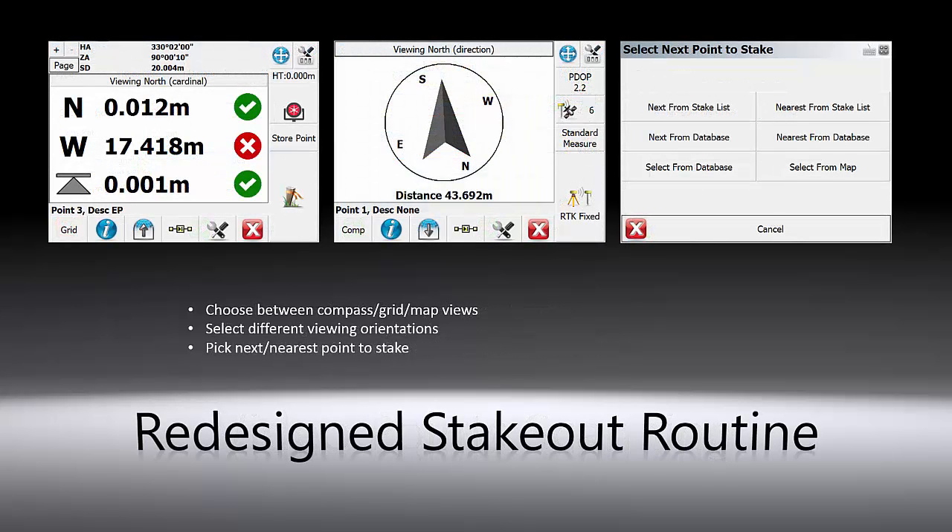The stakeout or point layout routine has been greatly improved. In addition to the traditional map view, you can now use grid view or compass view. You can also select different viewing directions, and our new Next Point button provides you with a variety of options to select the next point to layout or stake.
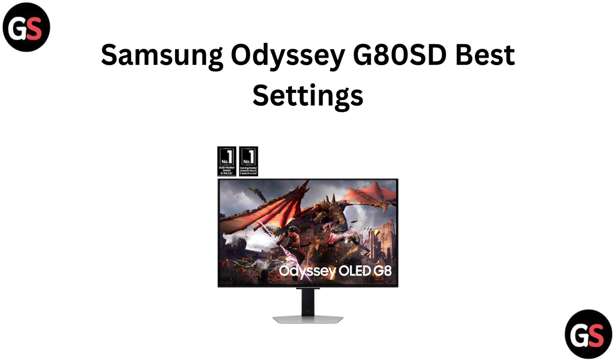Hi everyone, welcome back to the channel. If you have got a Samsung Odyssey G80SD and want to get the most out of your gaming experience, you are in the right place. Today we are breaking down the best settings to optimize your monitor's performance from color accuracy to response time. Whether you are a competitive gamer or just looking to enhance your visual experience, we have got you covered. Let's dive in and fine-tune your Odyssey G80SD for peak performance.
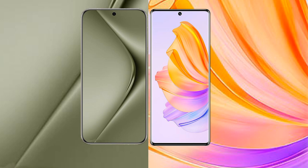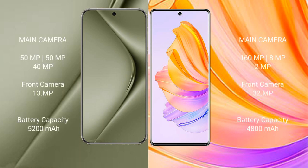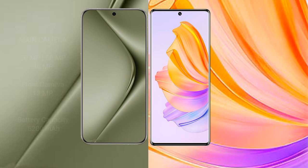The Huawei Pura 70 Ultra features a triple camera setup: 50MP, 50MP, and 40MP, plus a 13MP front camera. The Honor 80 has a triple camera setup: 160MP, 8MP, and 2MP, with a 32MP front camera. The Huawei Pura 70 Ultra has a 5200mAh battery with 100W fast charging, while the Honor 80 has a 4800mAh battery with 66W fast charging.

--

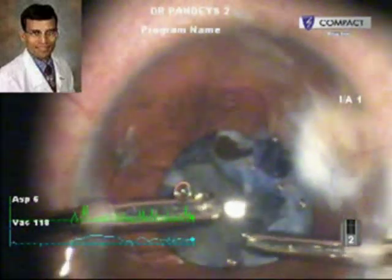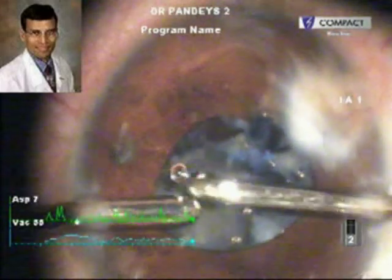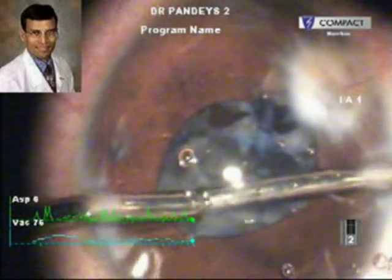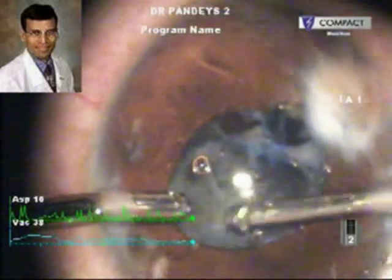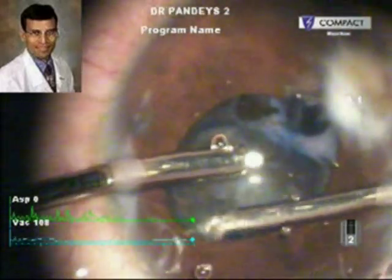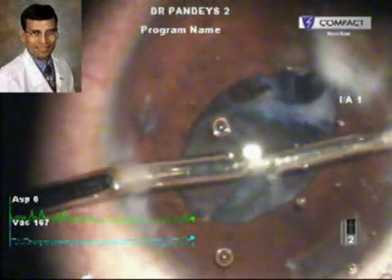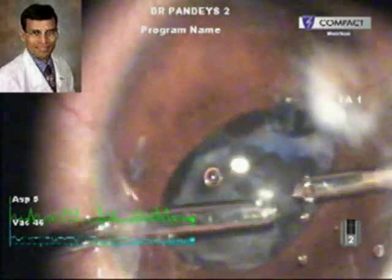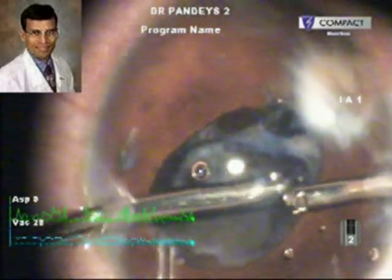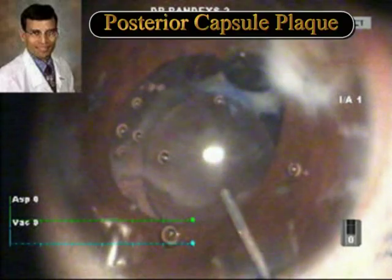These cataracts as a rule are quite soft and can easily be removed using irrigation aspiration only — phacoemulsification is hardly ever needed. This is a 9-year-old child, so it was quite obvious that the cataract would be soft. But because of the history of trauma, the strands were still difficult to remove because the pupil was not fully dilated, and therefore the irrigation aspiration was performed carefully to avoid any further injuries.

--

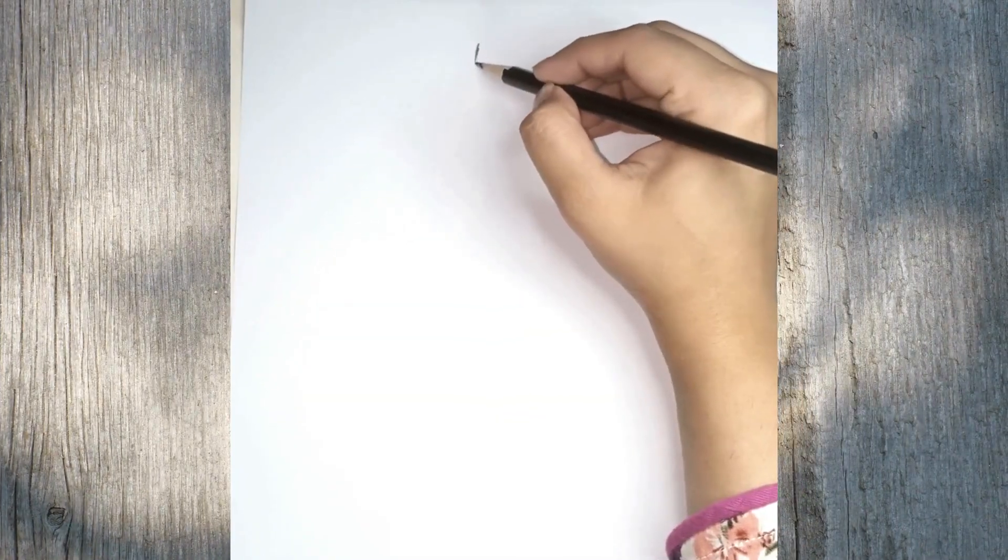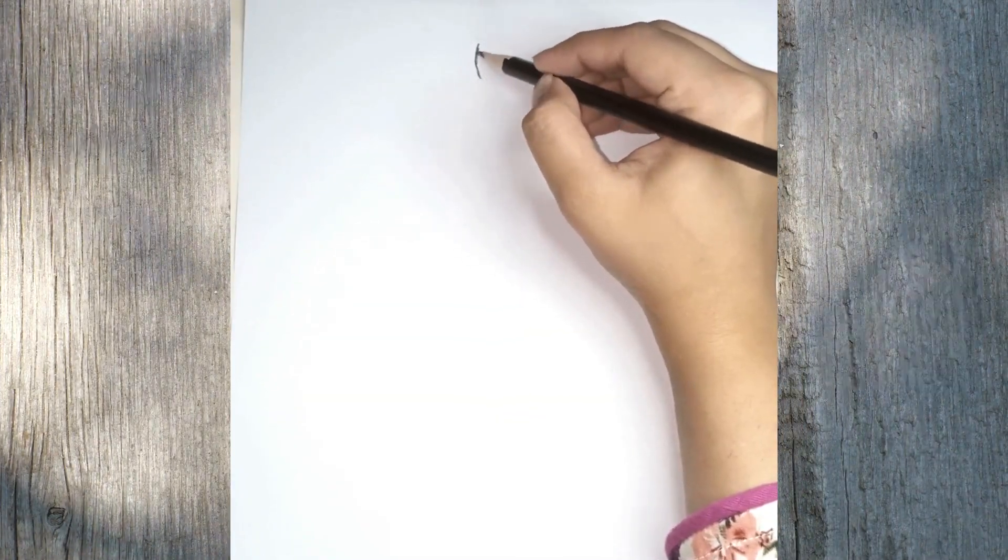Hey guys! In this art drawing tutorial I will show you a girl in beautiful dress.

--

- About this task
Above are the records; return the lines in them from the one with "The stakeout or" to the one with "The Huawei Pura 70 Ultra features", inclusive, exactly and without images.

- Solution to this problem
The stakeout or point layout routine has been greatly improved. In addition to the traditional map view, you can now use grid view or compass view. You can also select different viewing directions, and our new Next Point button provides you with a variety of options to select the next point to layout or stake.
Hi everyone, welcome back to the channel. If you have got a Samsung Odyssey G80SD and want to get the most out of your gaming experience, you are in the right place. Today we are breaking down the best settings to optimize your monitor's performance from color accuracy to response time. Whether you are a competitive gamer or just looking to enhance your visual experience, we have got you covered. Let's dive in and fine-tune your Odyssey G80SD for peak performance.
The Huawei Pura 70 Ultra features a triple camera setup: 50MP, 50MP, and 40MP, plus a 13MP front camera. The Honor 80 has a triple camera setup: 160MP, 8MP, and 2MP, with a 32MP front camera. The Huawei Pura 70 Ultra has a 5200mAh battery with 100W fast charging, while the Honor 80 has a 4800mAh battery with 66W fast charging.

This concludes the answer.